FIG. 11 shows a piece of equipment according to a third embodiment;

FIG. 12 shows radiation patterns for the equipment positioned in various orientations;

FIG. 13 shows a piece of equipment according to a fourth embodiment.

DETAILED DESCRIPTION

With reference to FIG. 2, here the equipment according to a first embodiment is a Wi-Fi access point 1 that incorporates a radiofrequency device 2, a measuring device 3 and a processor module 4.

The radiofrequency device 2 comprises one or more antennas 5 (in this case a plurality of antennas) and a radiofrequency transmission chain 6 connected to the antennas 5 and comprising one or more amplifiers 7 (in this case a plurality of amplifiers). The amplifiers 7 produce electrical signals which are applied between the terminals of the antennas 5 so that the antennas transmit radiofrequency signals for the access point 1 to implement a Wi-Fi network. The antennas 5 also receive radiofrequency signals.
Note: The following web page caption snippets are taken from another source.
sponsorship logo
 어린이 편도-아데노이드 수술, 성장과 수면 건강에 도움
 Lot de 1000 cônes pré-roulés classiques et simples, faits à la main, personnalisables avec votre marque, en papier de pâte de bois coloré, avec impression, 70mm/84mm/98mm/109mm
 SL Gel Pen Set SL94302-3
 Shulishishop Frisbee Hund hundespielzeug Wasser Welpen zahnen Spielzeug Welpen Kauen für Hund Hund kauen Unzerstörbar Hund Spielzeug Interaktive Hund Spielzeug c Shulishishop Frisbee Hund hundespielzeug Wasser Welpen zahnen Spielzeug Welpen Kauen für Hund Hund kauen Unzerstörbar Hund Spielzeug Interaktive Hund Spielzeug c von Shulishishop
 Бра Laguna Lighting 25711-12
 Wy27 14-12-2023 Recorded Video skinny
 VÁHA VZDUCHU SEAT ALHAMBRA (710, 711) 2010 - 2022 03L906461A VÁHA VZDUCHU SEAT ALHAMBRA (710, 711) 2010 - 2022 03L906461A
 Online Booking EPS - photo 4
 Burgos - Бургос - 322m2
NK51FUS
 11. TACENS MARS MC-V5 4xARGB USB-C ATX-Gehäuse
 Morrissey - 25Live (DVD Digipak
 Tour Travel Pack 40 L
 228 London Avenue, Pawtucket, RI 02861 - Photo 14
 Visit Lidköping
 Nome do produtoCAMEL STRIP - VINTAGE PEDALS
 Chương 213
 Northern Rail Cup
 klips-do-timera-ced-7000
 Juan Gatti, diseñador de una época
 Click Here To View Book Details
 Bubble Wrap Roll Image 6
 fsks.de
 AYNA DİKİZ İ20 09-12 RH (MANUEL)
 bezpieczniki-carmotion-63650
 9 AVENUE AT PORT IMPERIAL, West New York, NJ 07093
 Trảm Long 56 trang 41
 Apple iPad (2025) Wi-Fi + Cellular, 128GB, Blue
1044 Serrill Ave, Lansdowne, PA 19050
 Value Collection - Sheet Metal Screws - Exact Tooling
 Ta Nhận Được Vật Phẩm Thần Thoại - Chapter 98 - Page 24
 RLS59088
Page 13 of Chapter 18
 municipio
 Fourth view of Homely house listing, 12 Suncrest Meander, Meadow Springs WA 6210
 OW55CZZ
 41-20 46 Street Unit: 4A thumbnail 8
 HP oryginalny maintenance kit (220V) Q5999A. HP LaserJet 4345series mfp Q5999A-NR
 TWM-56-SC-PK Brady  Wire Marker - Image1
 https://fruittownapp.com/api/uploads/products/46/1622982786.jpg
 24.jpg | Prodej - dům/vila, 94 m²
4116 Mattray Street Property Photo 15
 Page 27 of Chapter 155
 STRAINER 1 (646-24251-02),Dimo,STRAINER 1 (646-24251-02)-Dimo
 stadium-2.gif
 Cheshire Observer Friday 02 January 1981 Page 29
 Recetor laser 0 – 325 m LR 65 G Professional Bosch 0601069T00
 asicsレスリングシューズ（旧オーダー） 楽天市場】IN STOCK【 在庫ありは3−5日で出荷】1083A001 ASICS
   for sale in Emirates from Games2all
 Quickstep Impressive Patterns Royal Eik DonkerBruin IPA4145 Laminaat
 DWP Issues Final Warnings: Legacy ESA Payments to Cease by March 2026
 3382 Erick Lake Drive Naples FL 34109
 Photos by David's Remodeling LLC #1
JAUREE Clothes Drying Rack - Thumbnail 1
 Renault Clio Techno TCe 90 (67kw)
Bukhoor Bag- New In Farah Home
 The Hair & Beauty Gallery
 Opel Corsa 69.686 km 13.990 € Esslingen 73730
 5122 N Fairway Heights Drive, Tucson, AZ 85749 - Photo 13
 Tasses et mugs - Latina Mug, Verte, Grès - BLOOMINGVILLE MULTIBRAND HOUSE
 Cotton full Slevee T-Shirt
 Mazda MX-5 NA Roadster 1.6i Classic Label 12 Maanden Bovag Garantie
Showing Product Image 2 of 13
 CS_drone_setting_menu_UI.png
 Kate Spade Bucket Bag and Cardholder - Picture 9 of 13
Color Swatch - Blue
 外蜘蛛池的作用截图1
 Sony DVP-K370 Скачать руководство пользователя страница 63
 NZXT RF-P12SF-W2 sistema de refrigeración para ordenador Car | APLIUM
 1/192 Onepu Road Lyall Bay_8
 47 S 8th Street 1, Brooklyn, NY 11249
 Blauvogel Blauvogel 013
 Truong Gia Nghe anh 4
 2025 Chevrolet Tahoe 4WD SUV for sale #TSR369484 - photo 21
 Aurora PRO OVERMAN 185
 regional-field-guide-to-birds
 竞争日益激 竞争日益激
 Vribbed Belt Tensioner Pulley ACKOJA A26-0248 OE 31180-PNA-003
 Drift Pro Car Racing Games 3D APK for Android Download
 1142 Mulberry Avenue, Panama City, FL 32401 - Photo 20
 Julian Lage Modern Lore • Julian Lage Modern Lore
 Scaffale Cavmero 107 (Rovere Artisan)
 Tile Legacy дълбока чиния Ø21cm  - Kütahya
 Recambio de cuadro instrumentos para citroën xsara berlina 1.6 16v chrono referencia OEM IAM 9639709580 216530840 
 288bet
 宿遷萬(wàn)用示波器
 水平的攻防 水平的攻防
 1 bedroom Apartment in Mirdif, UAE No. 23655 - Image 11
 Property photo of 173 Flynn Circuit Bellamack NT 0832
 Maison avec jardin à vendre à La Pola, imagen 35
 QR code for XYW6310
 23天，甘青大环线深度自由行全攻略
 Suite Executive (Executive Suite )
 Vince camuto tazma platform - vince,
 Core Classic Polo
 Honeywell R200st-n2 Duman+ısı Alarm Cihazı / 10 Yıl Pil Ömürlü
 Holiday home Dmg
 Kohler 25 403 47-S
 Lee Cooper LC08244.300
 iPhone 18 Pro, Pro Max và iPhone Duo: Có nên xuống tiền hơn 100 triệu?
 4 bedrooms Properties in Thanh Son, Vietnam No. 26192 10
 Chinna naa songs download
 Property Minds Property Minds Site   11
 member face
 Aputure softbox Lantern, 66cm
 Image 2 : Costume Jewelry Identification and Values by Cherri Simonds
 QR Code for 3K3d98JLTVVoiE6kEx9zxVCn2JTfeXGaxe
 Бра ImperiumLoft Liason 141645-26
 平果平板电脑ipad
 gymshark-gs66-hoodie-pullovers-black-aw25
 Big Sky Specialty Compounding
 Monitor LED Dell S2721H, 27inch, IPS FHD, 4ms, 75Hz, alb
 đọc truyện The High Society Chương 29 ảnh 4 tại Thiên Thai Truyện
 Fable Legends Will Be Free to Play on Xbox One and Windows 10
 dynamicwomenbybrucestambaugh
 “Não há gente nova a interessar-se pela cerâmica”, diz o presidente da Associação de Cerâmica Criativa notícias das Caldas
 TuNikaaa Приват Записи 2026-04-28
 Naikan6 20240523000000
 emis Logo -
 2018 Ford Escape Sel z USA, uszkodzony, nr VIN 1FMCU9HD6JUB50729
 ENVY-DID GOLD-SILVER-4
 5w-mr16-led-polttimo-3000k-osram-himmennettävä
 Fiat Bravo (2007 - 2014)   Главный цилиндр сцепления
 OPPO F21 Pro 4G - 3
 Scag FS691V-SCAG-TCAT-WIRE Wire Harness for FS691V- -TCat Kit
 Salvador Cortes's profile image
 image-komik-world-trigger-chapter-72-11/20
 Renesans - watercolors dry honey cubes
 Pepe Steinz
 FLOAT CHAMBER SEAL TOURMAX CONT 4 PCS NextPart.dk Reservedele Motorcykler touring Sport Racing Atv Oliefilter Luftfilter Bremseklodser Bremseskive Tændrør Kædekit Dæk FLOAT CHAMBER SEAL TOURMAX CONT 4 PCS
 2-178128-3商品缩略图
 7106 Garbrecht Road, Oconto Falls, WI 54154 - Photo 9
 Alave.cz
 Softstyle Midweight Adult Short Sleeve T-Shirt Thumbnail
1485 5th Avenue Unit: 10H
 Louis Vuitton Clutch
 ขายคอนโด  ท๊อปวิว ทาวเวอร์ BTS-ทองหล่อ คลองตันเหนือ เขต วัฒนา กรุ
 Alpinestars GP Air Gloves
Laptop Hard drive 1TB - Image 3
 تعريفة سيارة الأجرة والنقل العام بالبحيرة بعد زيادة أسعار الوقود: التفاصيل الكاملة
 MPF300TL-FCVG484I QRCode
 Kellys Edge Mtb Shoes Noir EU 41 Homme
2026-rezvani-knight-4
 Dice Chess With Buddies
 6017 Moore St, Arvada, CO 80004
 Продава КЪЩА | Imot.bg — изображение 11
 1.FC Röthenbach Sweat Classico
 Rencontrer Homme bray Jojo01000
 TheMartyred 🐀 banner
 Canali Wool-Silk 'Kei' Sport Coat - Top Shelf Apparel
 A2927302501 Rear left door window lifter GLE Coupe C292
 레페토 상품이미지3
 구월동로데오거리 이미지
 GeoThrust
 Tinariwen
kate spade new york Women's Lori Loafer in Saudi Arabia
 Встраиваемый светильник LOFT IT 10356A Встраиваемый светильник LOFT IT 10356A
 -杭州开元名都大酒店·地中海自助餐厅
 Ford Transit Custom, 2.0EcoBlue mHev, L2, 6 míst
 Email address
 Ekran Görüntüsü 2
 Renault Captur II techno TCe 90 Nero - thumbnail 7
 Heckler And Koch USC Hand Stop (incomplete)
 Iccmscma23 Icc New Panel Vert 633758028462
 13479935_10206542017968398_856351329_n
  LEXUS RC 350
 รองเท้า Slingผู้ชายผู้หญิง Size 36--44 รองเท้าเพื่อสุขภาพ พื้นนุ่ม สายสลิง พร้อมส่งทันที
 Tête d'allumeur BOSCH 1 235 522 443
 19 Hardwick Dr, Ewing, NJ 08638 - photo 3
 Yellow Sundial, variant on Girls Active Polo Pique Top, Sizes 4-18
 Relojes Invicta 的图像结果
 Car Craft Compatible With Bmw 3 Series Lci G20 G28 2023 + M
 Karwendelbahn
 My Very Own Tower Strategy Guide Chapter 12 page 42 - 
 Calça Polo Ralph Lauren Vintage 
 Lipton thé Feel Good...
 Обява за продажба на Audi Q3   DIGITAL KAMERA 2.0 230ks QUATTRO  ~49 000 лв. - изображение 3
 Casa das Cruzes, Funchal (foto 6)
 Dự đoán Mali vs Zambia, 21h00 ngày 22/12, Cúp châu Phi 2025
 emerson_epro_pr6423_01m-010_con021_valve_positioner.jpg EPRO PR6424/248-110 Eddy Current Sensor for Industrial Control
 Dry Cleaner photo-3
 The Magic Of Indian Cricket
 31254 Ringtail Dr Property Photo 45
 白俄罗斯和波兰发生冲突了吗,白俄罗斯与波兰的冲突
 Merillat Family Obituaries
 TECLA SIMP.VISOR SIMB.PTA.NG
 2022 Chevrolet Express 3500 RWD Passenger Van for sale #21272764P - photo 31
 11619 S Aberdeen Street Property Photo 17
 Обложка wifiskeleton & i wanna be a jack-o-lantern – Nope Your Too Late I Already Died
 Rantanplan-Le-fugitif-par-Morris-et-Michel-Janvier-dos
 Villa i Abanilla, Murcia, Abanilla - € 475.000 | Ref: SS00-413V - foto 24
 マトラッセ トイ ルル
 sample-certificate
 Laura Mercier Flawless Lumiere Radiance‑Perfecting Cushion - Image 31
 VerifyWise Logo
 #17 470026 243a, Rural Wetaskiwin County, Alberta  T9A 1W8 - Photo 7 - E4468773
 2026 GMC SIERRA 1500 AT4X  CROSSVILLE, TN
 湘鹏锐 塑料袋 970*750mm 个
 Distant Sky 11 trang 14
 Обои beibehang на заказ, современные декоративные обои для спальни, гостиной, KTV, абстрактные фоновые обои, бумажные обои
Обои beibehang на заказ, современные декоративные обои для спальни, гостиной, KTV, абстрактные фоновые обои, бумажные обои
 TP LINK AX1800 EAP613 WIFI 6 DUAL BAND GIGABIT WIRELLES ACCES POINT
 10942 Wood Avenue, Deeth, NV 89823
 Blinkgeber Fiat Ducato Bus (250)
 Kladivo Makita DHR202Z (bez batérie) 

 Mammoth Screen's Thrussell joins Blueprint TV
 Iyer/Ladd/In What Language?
The radiofrequency device 2 is designed to transmit radiofrequency signals of a certain frequency band (in this case the UNII5 band) by generating a radiated power which, when the access point 1 is installed with a nominal orientation, is less than a first predefined power threshold in the direction of a first reference zone and is less than a second predefined power threshold in the direction of a second reference zone, the second predefined power threshold being less than the first predefined power threshold. The first reference zone and the second reference zone are defined with respect to one or more reference axes or planes (for example vertical axis, horizontal plane, vertical plane, etc.) and are therefore defined independently of the current orientation of the access point 1.

In this case, the second predefined zone is a vertical angular cone having the access point 1 as its apex and defined by a minimum elevation angle. In this case, this minimum elevation angle is equal to 30° (relative to a horizontal plane), as shown in FIG. 1.

The first reference zone corresponds to all of the space around the access point 1 with the exception of said cone.

The nominal orientation of the access point 1 is the orientation defined in the user manual. When the access point 1 is installed with its nominal orientation, it is placed “upright”, for example vertically, on a support that is itself substantially parallel to a horizontal plane.

The access point 1 therefore generates a radiated power that differs according to the direction.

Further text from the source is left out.